» TASK DESCRIPTION
From the first line of the material below through the line containing "Vidaxl gazonranden 30", print every line exactly as it stands, but no pictures.

» MATERIAL PROVIDED

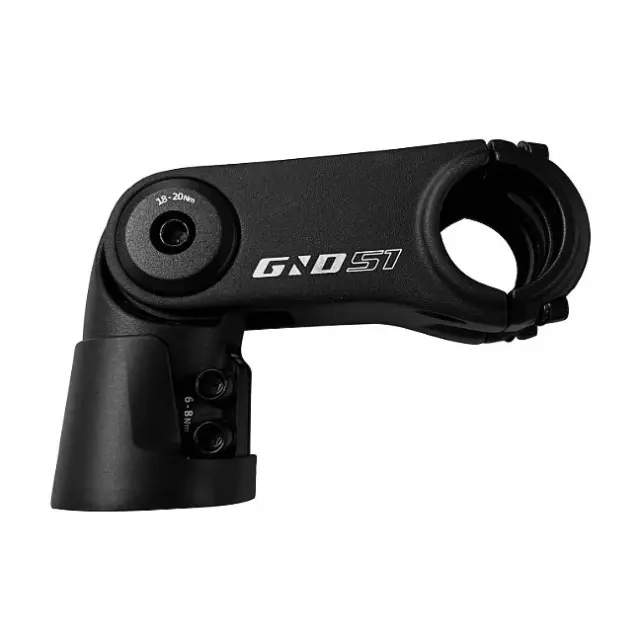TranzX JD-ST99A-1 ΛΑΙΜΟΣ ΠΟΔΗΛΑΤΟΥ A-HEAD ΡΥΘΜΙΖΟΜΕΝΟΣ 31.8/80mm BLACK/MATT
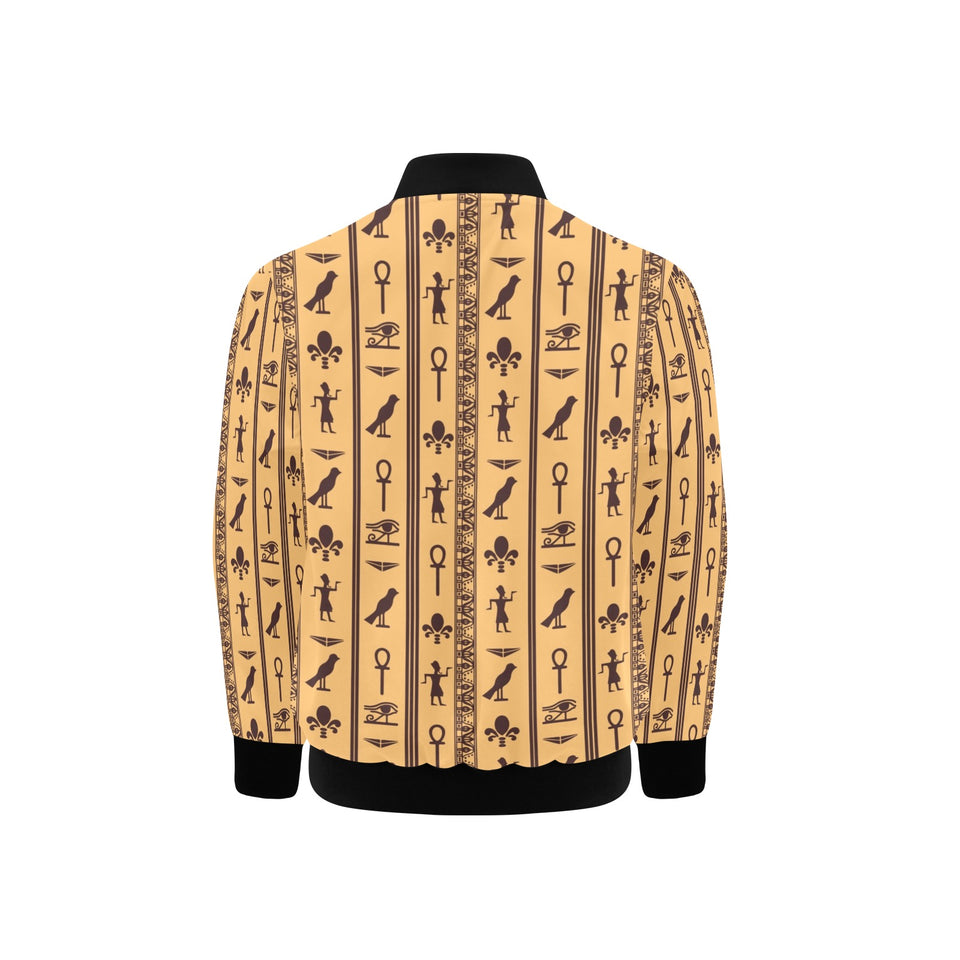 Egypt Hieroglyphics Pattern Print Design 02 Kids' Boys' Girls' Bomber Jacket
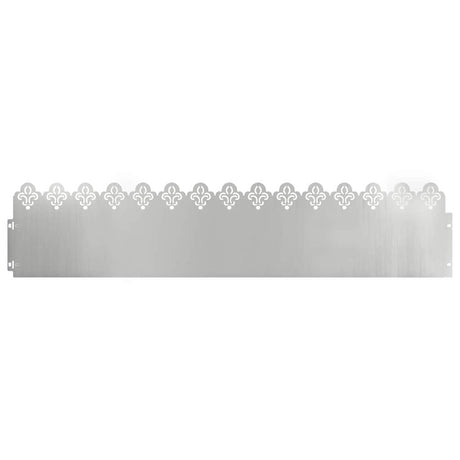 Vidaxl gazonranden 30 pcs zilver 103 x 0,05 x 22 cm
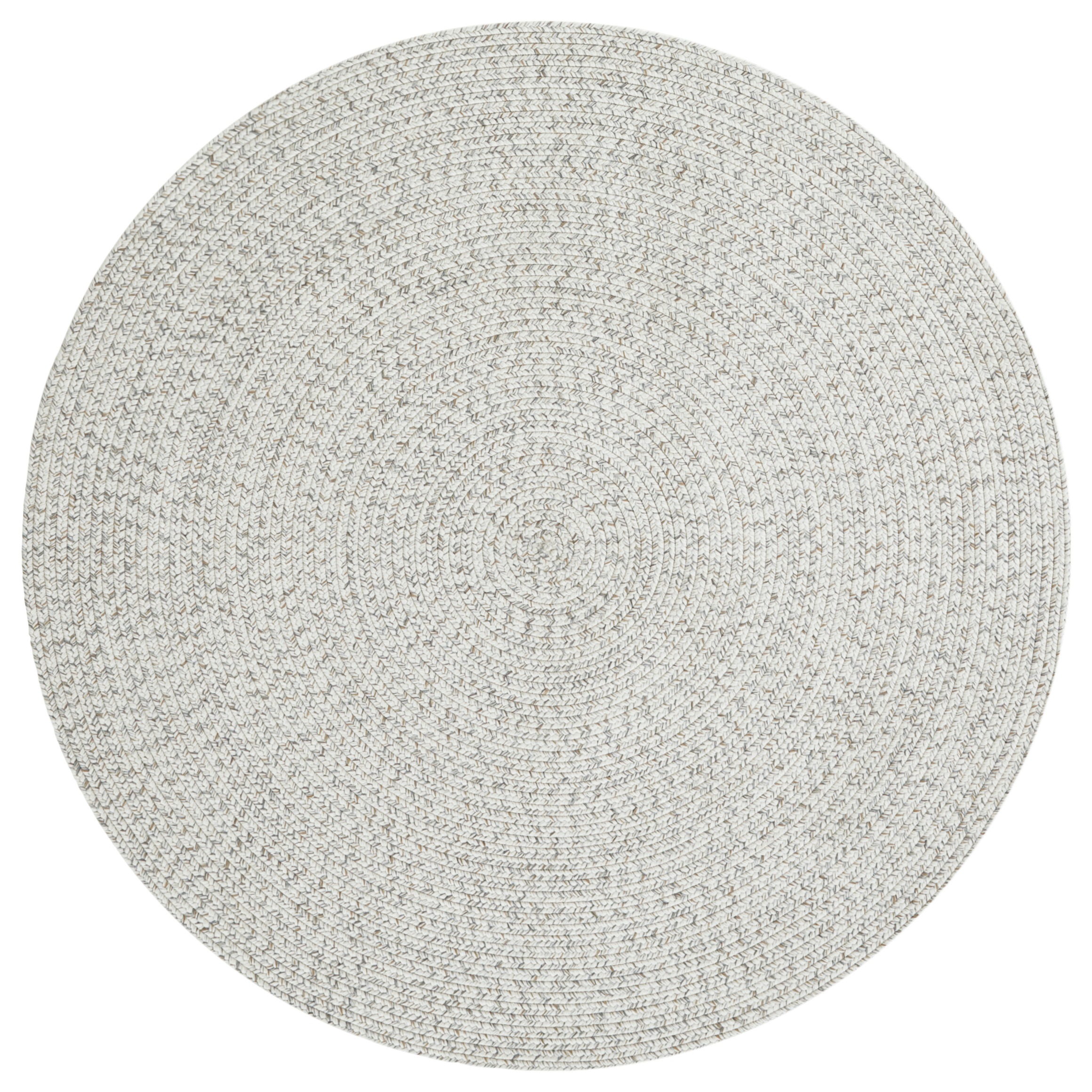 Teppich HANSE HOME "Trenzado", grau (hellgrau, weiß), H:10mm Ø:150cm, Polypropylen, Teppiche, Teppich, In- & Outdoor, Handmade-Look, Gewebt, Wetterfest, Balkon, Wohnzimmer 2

» SOLVED EXERCISE
TranzX JD-ST99A-1 ΛΑΙΜΟΣ ΠΟΔΗΛΑΤΟΥ A-HEAD ΡΥΘΜΙΖΟΜΕΝΟΣ 31.8/80mm BLACK/MATT
 Egypt Hieroglyphics Pattern Print Design 02 Kids' Boys' Girls' Bomber Jacket
 Vidaxl gazonranden 30 pcs zilver 103 x 0,05 x 22 cm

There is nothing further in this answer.